Eine solche Geschichte, die seit dem vergangenen Wochenende von prorussischen Propagandisten, rechten Influencern und russischen Staatsmedien erzählt und von Hunderttausenden verbreitet wird, geht in etwa so: Als Friedrich Merz, Emmanuel Macron und Keir Starmer nach ihrem gemeinsamen Besuch in der Ukraine am Wochenende mit dem Zug aus Kiew zurückreisen, betreten Journalisten unerwartet ihr Abteil. Dabei filmen sie vermeintlich, wie der französische Präsident einen Beutel voll Kokain und der deutsche Bundeskanzler einen dazugehörigen „Schnupflöffel“ verschwinden lassen.
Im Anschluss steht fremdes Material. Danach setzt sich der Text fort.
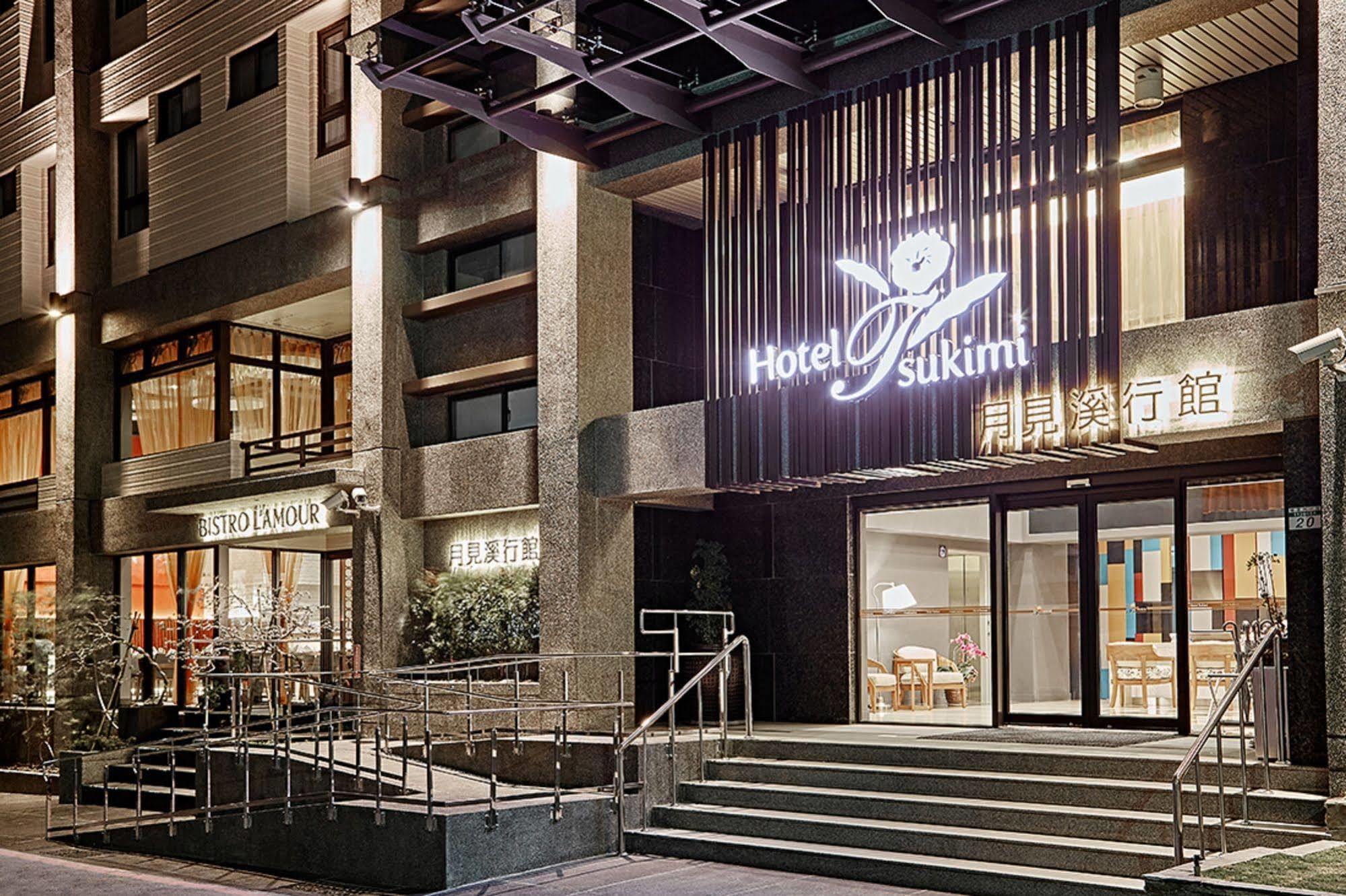 Hotel Sukimi Tainan Zewnętrze zdjęcie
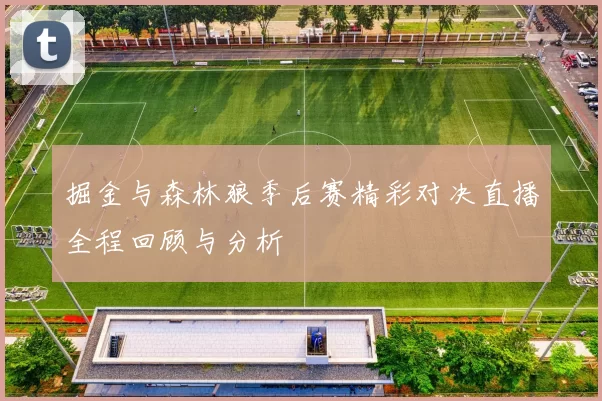 掘金与森林狼季后赛精彩对决直播全程回顾与分析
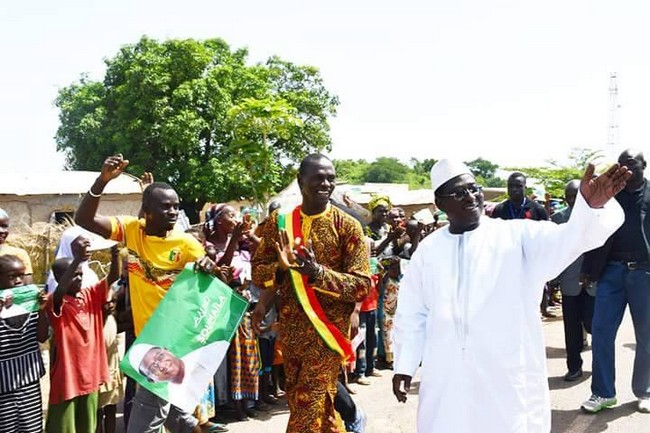 Kangaba, Bancoumana et Kati : Soumaïla Cissé plébiscité pour un Mali fier, uni et solidaire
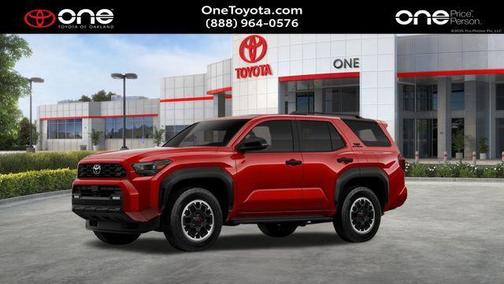 2026 Toyota 4Runner TRD Off Road Premium
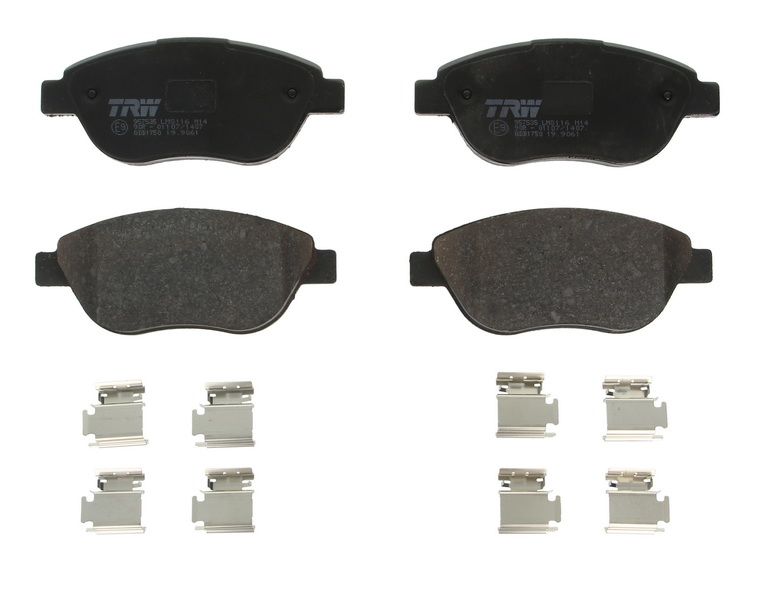 Pastillas de freno de disco TRW GDB1750 para Fiat 500 C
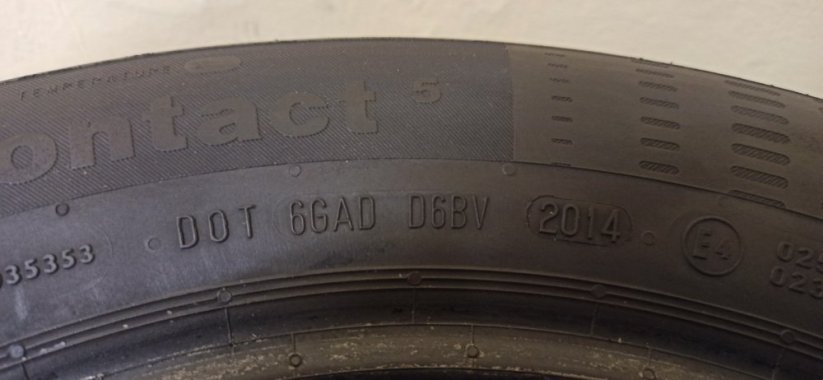 Continental Conti Eco 185/65 R15 88T 6,5 mm (Použité)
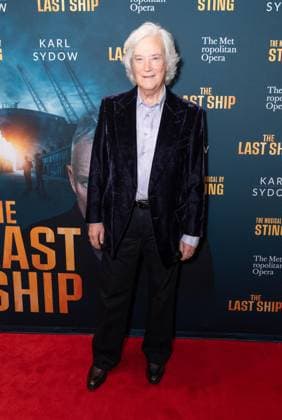 June 9, 2026, Bronx, New York, USA: Karl Sydow attends Opening night for The Last Ship musical starring Sting and Shaggy at Metropolitan Opera in New York, NY on June 9, 2026. Bronx USA - ZUMAr339 20260609_znp_r339_006 Copyright: xLevxRadinx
Die westlichen Ukraine-Unterstützer als Truppe korrupter Kokser – was für eine Geschichte! Für viele radikale Russlandfreunde passt diese Erzählung geradezu perfekt.
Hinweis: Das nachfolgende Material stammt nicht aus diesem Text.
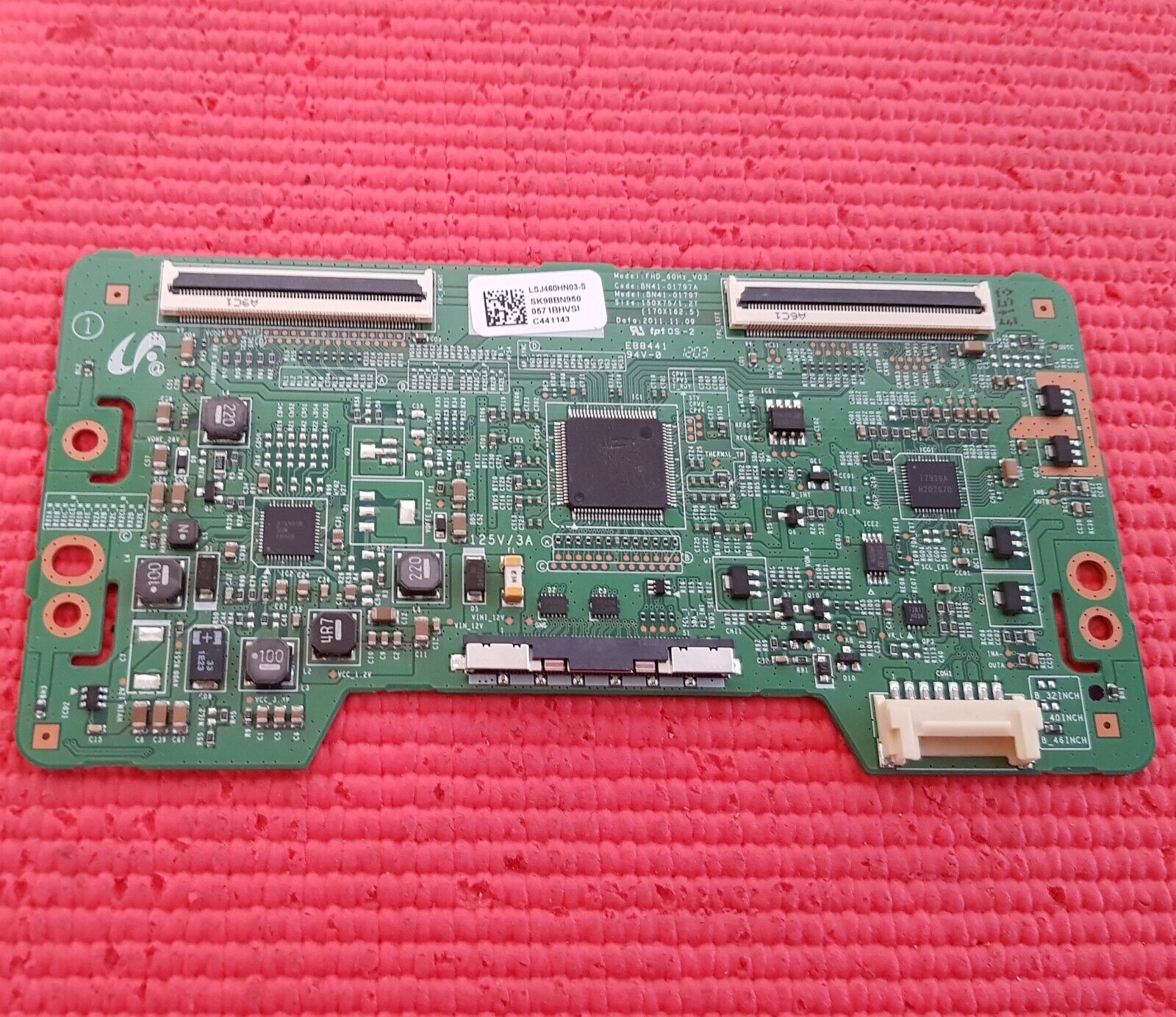 TCON BOARD FOR SAMSUNG UE46ES5500 UE46EH5300W TV BN41-01797A BN95-00571B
Die Wahrheit wäre keine Geschichte
Doch sie ist erfunden. Was in schlecht aufgelösten Videos mit etwas Fantasie wie Koks und Drogenbesteck aussehen mag, lässt sich auf höher aufgelösten Videoaufnahmen und Fotos leicht als das erkennen, was es tatsächlich ist: Macron nimmt kein Beutelchen Drogen, sondern ein zusammengeknülltes Papiertaschentuch vom Tisch. Und bei dem kleinen Utensil, das Merz in seiner Hand verschwinden lässt, dürfte es sich um einen Holzspieß handeln, der etwa für Fingerfood verwendet wird, oder einen Rührstab für Getränke. Die Aufnahmen sind außerdem schon auf der Hinfahrt der Politiker nach Kiew am Freitag entstanden und nicht erst auf der Rückreise am Sonntag.

Eine Nahaufnahme lässt erkennen, dass es sich bei dem vermutlichen Kokain-Päckchen um ein einfaches Taschentuch handelt.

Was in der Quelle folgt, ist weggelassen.